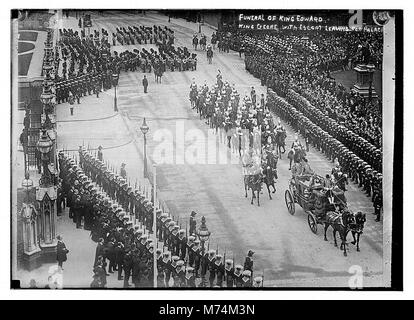 Beerdigung von König Edward. King George mit escort Verlassen den Palast. LCCN 2014688205 Stockfoto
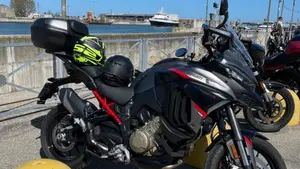 Ducati Multistrada V4 S Grand Tour (2024) 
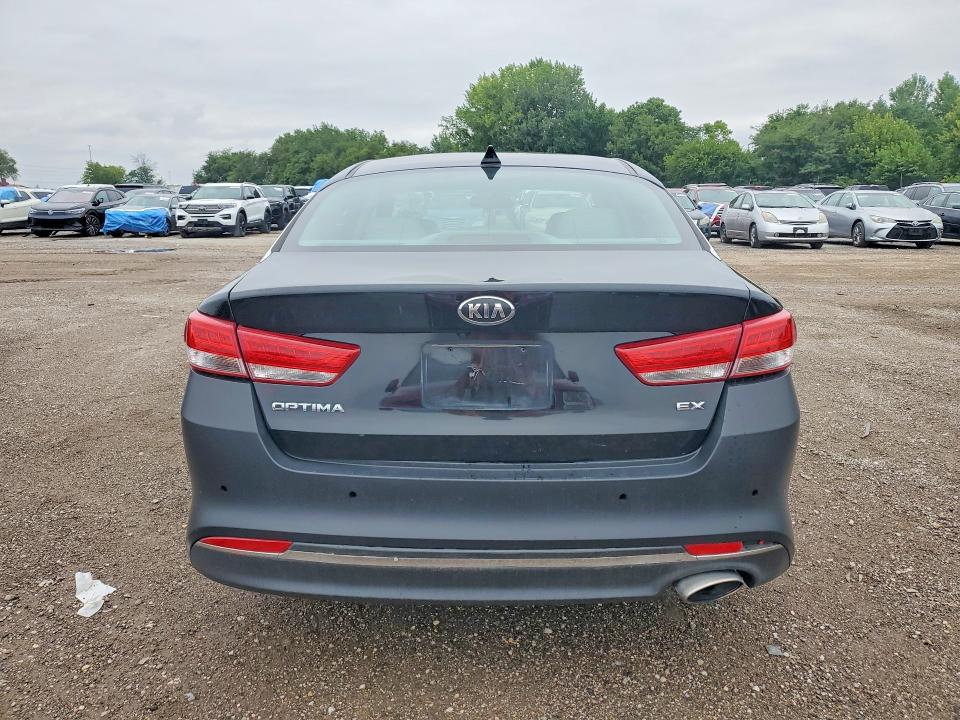 2017 Kia Optima მანქანა იყიდება აუქციონზე, vin: 5XXGU4L38HG137598, აუქციონის ნომერი: 64147236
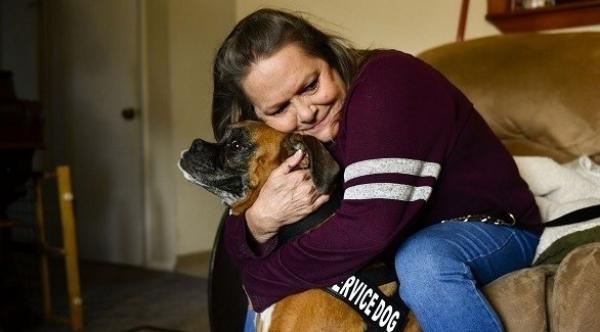 تتمكن من استعادة بصرها بعد 15 عاماً من فقدانه بسبب تشخيص خاطئ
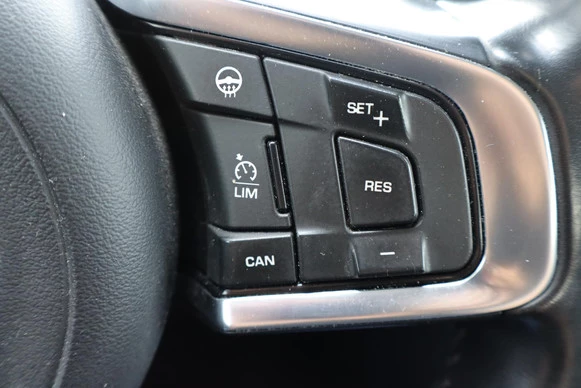 Jaguar XE - Afbeelding 26 van 30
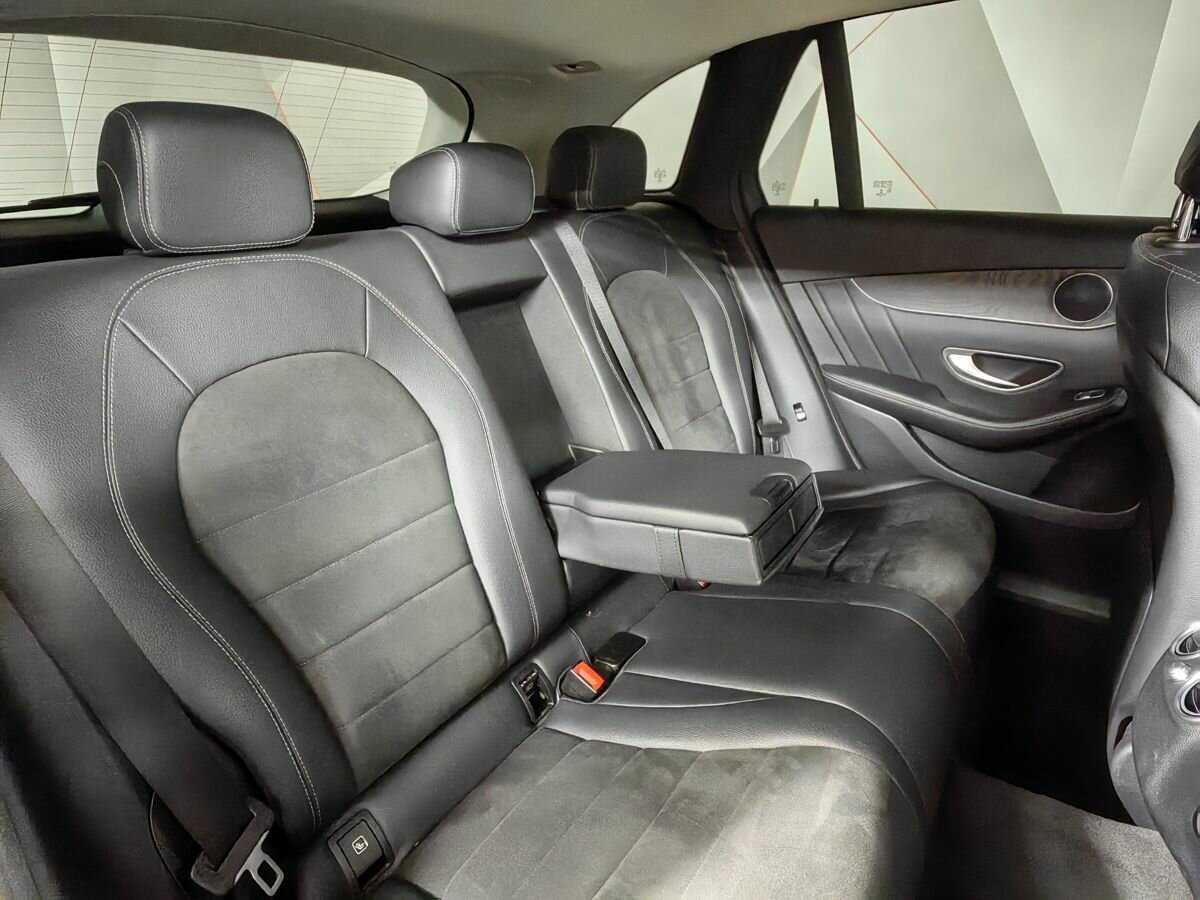 Mercedes-Benz GLC с пробегом — 2017 год. Фото: #12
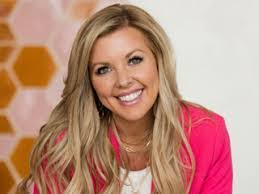 Alyssa Santangelo's Instagram, Twitter & Facebook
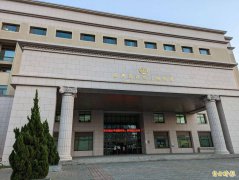 持板手在嘉义游艺场停车场抢175万元 4人被逮起诉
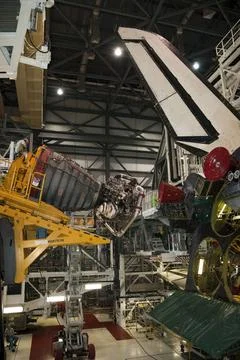 CAPE CANAVERAL, Fla. -- In Orbiter Processing Facility-1 at NASA s Kennedy... Stock Photos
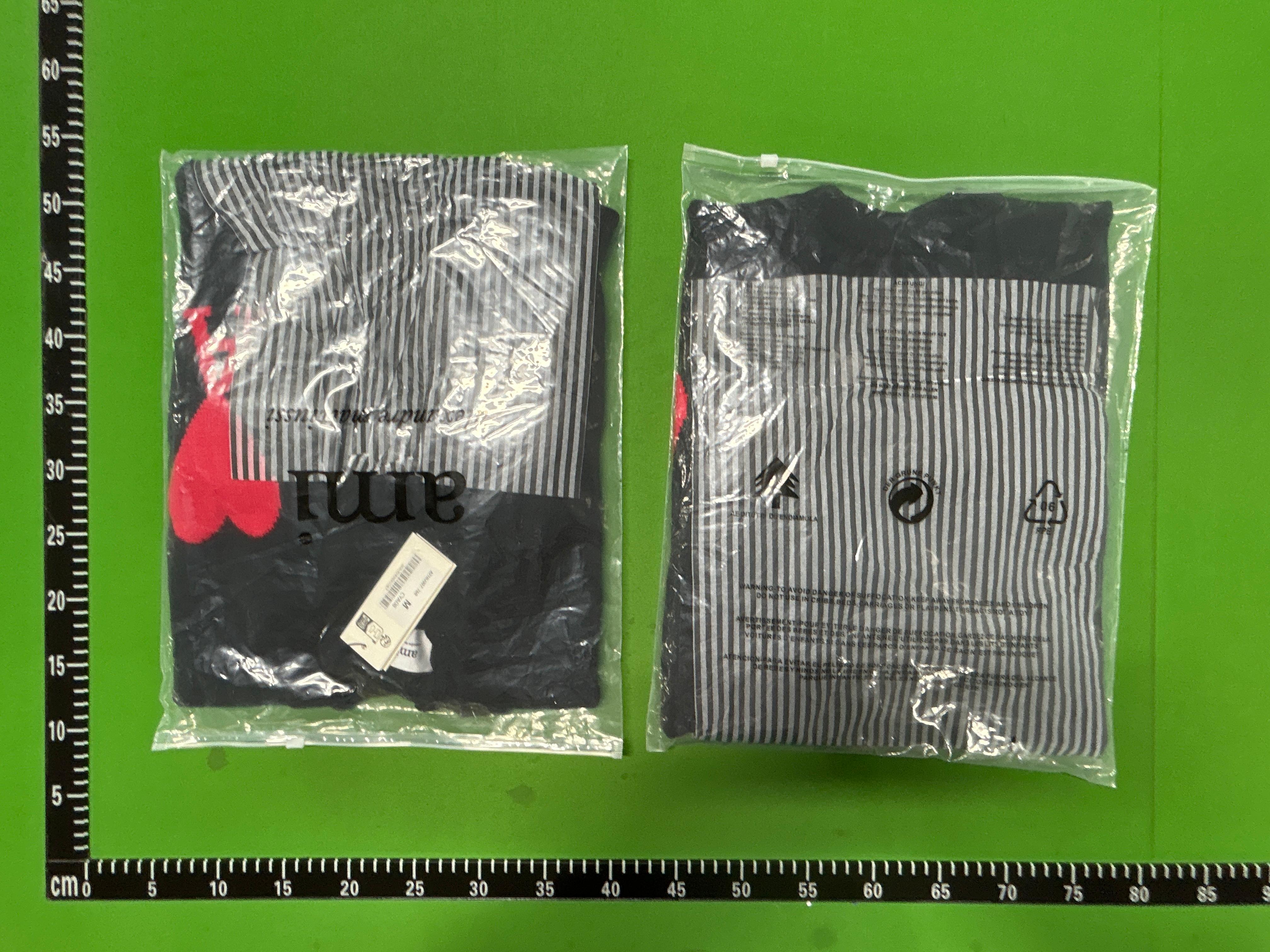 Foto QC 5 de Ami Paris Ami de Coeur Crewneck Sweater Black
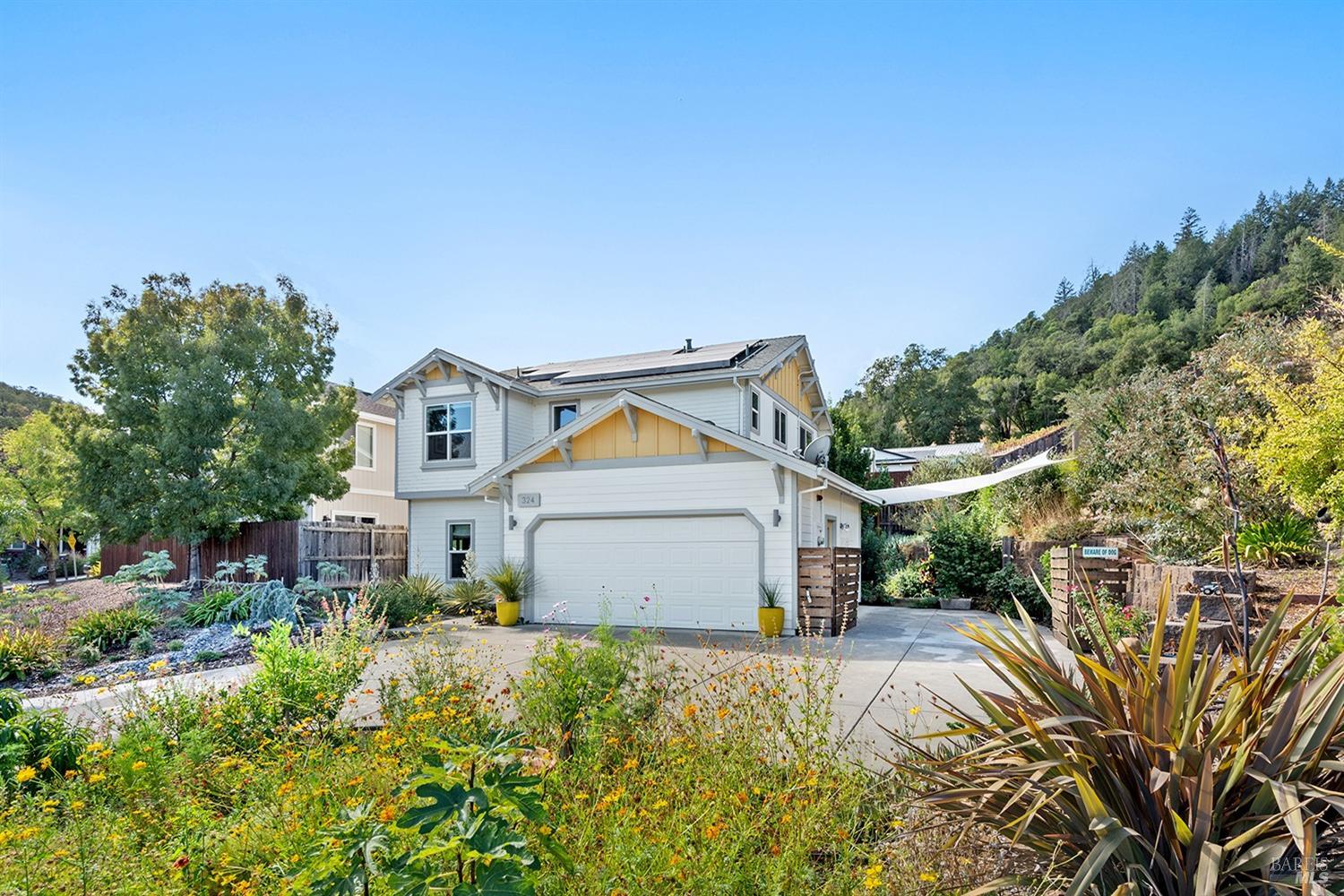 324 Moonlight Circle
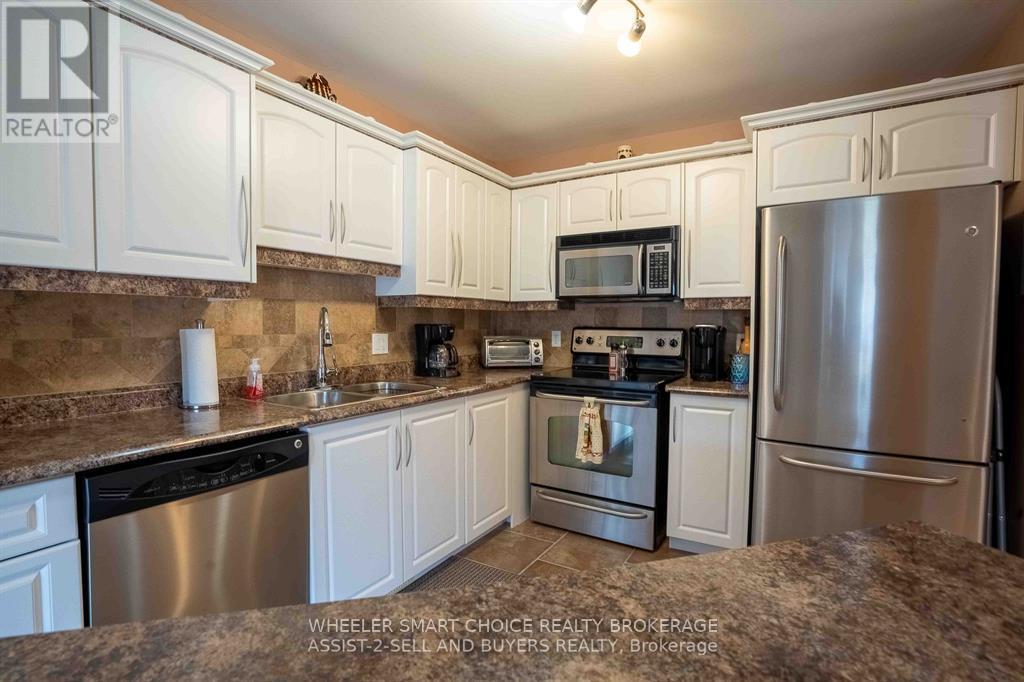 95 Mckenzie Street, Cornwall, Ontario  K6J 2G9 - Photo 2 - X12440452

> [Task description]: Reproduce the whole listing verbatim and keep all pictures out of it.

> [Solution for this exercise]:
 Beerdigung von König Edward. King George mit escort Verlassen den Palast. LCCN 2014688205 Stockfoto
 Ducati Multistrada V4 S Grand Tour (2024) 
 2017 Kia Optima მანქანა იყიდება აუქციონზე, vin: 5XXGU4L38HG137598, აუქციონის ნომერი: 64147236
 تتمكن من استعادة بصرها بعد 15 عاماً من فقدانه بسبب تشخيص خاطئ
 Jaguar XE - Afbeelding 26 van 30
 Mercedes-Benz GLC с пробегом — 2017 год. Фото: #12
 Alyssa Santangelo's Instagram, Twitter & Facebook
 持板手在嘉义游艺场停车场抢175万元 4人被逮起诉
 CAPE CANAVERAL, Fla. -- In Orbiter Processing Facility-1 at NASA s Kennedy... Stock Photos
 Foto QC 5 de Ami Paris Ami de Coeur Crewneck Sweater Black
 324 Moonlight Circle
 95 Mckenzie Street, Cornwall, Ontario  K6J 2G9 - Photo 2 - X12440452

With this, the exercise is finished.